In five years, I see myself staying in the automotive industry. However, my goal is currently to move up into management. To do that I want to gain more experience in my department of vehicle energy management. Aerodynamics is an important part of how much energy a car needs to meet customer expectations but so is weight, thermal cooling, fuel economy, and more. As such, to achieve that goal of moving into management, I see myself moving into one or more of these other groups to gain a better understanding of the entirety of energy management in our vehicles.
Advice for Young Students
- Knowing what you know now, if you could give your younger self one tip or piece of advice, what would it be?
Make sure you have fun and don’t be so hard on yourself. I was always a very stressed-out kid, everything seemed to be the end of the world if it didn’t go my way. Looking back now, I realized that the pressure I put on myself was not worth it. Sure, you need to work hard to achieve your goals, but life is not always going to go your way. So, take things as they come and try to enjoy the ride.
Not sure if my younger self would have listened to this, but I wish she would have.
What advice do you have for high school students who are interested in automotive, but unsure if it’s the career for them?

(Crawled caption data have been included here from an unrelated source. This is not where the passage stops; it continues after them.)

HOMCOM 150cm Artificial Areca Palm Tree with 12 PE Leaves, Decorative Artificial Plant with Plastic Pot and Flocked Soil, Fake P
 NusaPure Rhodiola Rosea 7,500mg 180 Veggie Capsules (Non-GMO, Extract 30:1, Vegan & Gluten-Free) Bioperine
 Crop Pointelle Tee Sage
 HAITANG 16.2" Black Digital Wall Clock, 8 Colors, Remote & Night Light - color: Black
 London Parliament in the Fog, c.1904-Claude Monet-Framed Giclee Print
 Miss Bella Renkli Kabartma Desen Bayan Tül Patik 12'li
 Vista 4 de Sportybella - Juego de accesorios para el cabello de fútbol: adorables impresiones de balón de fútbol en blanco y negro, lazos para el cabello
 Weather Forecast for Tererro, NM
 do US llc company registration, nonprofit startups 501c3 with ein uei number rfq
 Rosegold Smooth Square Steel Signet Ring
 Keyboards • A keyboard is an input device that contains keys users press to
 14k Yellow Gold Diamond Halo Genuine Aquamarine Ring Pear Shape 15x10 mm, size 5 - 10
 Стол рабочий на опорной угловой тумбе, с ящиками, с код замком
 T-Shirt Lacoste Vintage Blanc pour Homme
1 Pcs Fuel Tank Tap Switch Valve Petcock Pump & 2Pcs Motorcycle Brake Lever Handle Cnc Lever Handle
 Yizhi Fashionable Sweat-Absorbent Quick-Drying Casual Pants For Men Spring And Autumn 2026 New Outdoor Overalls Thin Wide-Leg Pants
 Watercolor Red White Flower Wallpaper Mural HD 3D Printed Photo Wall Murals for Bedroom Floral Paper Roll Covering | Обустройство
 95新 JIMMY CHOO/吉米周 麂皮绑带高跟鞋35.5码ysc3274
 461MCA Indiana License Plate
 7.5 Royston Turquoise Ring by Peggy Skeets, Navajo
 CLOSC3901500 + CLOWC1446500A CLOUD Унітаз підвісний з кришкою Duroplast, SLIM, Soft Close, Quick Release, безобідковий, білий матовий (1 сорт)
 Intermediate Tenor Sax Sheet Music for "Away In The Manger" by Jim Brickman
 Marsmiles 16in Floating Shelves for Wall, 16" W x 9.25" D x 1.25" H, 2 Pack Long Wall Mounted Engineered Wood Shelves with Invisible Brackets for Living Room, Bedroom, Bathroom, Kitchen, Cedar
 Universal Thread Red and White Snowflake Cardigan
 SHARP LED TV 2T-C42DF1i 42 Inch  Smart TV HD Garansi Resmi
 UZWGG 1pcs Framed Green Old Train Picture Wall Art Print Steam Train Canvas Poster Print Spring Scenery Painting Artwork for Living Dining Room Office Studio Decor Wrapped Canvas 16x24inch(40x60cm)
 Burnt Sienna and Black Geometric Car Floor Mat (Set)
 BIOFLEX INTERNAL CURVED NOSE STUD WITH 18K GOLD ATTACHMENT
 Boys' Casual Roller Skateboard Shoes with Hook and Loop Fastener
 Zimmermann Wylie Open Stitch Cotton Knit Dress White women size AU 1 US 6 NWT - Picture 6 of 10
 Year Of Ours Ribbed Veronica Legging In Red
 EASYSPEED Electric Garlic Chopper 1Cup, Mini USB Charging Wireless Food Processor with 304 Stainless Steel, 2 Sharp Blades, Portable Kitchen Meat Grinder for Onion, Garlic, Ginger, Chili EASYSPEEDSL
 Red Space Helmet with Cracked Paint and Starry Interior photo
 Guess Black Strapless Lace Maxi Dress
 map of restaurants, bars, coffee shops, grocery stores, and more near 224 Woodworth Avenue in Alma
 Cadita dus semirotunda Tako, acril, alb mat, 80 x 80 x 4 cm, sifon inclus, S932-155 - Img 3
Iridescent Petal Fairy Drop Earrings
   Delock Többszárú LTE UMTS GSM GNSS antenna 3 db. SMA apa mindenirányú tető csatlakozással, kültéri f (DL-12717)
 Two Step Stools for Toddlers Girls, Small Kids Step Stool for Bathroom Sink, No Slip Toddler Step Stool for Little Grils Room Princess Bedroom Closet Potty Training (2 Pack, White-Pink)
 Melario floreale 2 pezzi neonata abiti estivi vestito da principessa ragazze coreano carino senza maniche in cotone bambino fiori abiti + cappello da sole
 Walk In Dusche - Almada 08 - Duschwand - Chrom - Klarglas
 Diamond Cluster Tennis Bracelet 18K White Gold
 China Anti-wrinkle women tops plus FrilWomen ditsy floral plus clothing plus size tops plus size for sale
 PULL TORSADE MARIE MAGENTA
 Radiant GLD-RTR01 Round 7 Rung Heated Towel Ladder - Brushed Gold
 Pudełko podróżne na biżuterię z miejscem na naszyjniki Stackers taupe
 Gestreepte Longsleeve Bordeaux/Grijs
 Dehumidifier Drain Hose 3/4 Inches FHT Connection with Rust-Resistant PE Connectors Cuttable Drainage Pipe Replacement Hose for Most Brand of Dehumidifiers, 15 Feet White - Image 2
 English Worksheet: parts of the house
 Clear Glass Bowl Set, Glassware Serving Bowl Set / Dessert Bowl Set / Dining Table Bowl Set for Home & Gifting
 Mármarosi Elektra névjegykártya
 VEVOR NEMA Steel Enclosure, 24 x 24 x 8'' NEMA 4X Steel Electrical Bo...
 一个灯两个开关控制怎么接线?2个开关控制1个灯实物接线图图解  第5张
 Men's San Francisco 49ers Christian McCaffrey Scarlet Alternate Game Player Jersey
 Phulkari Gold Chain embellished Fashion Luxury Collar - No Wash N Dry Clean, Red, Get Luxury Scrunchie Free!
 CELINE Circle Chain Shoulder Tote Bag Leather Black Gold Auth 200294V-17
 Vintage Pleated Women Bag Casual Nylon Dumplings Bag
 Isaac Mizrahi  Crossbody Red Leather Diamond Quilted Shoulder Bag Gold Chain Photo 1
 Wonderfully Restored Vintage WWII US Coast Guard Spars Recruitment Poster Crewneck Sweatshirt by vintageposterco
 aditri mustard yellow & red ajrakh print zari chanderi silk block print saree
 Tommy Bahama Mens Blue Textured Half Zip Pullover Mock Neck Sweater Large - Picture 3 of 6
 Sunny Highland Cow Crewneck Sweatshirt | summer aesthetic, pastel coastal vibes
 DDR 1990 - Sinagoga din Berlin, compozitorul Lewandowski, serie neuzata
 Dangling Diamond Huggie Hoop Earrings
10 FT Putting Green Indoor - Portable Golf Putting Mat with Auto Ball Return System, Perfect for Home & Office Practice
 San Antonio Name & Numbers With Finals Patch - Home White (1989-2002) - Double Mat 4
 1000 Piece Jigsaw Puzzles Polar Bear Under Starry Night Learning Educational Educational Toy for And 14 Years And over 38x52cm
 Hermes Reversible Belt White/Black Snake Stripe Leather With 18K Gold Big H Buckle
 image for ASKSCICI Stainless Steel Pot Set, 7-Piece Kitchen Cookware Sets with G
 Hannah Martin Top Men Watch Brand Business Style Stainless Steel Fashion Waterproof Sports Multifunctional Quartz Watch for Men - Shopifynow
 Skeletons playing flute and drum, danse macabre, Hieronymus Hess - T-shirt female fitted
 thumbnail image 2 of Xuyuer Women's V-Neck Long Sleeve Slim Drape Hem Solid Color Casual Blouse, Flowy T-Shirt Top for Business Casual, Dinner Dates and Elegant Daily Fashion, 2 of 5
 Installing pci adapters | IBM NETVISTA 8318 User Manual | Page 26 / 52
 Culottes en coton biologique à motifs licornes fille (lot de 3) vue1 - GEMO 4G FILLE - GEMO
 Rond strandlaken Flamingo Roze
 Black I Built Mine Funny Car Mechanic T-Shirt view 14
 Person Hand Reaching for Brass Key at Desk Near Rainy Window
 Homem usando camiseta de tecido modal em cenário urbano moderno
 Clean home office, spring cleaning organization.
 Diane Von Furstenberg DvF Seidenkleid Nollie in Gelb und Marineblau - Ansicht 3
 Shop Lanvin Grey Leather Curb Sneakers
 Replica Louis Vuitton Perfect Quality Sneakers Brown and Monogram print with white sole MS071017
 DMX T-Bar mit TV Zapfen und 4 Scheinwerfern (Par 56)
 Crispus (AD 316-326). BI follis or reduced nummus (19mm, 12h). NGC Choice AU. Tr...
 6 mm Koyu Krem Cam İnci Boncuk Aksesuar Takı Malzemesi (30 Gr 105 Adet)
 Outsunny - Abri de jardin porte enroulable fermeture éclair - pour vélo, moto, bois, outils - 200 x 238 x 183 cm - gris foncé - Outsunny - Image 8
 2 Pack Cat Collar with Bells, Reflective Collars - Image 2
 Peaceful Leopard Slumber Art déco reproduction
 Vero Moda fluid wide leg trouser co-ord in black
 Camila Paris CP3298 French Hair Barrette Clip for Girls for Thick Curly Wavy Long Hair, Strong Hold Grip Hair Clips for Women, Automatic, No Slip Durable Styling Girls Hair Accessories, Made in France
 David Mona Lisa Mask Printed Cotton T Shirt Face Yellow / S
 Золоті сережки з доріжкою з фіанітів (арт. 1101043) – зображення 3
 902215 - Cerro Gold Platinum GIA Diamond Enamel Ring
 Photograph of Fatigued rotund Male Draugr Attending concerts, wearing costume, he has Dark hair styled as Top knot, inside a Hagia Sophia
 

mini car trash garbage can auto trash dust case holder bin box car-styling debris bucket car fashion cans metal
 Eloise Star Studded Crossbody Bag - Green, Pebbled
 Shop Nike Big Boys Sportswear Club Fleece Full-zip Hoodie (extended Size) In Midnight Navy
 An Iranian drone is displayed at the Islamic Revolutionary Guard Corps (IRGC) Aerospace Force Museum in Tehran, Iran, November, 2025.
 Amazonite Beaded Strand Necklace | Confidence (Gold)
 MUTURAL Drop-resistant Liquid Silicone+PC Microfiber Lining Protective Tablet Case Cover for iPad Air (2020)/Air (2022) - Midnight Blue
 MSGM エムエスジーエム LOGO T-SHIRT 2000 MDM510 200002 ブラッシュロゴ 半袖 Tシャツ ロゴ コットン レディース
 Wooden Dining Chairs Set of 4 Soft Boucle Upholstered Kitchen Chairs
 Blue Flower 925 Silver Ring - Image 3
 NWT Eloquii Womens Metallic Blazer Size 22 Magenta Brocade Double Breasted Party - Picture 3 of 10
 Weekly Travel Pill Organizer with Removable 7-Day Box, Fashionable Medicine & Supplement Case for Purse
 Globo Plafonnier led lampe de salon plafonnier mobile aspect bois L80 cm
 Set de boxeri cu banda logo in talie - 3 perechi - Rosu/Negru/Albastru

Seek out opportunities for exposure into the field early and often. Many students enter college with very little idea of what they want to do and if they do have some idea, many don’t have a clear view of what that may actually look like. There are so many programs, groups, and professionals out there willing to talk to students about their job or field. By seeking out these types of opportunities, students can better understand not only what they are interested in but they can picture what it is they are working toward, which can sometimes get washed out in the stress of high school and early college.
- What was the best piece of advice you were ever given?
That it is okay to say no. I feel like so many times people tell you, “Say yes to everything and you will find out what you love,” but that is not really feasible. If you say yes to everything you will end up selling yourself short in everything. Give yourself a chance to succeed by focusing on those projects or groups that you are passionate about. And then if you find out it’s not what you thought, it’s okay to say, “Nope, not for me” and try something else. I wish I learned this earlier in life. I spread myself so thin in high school and early college that I forgot what I was doing it all for and I forgot to stop and enjoy it.
- What do you love about working in the automotive industry (and specifically the automotive industry in Michigan)?
I love the people. Every day I get to work with people who are passionate about our products and do their best to reach and exceed the expectations of our customers. Working with these types of people is inspiring and it pushes me to do my best every day and learn to be better.
- Do you participate in any organizations outside of work? Or have any hobbies (unrelated to automotive)? Do you feel the work-life balance in the auto industry allows you to continue these passions?
The biggest group I participate in outside of work is with FIRST Robotics. In high school, I participated in FIRST as a student and it showed me that being an engineer was the right path for me. Since I started at Ford I have been volunteering at various competitions in Southeast Michigan and have become a member of the Ford FIRST Board, which works to sponsor over 90 high school teams.
My experience with Ford has been that I have had no issues participating in any sort of volunteer event that I am passionate about both during and outside of work hours.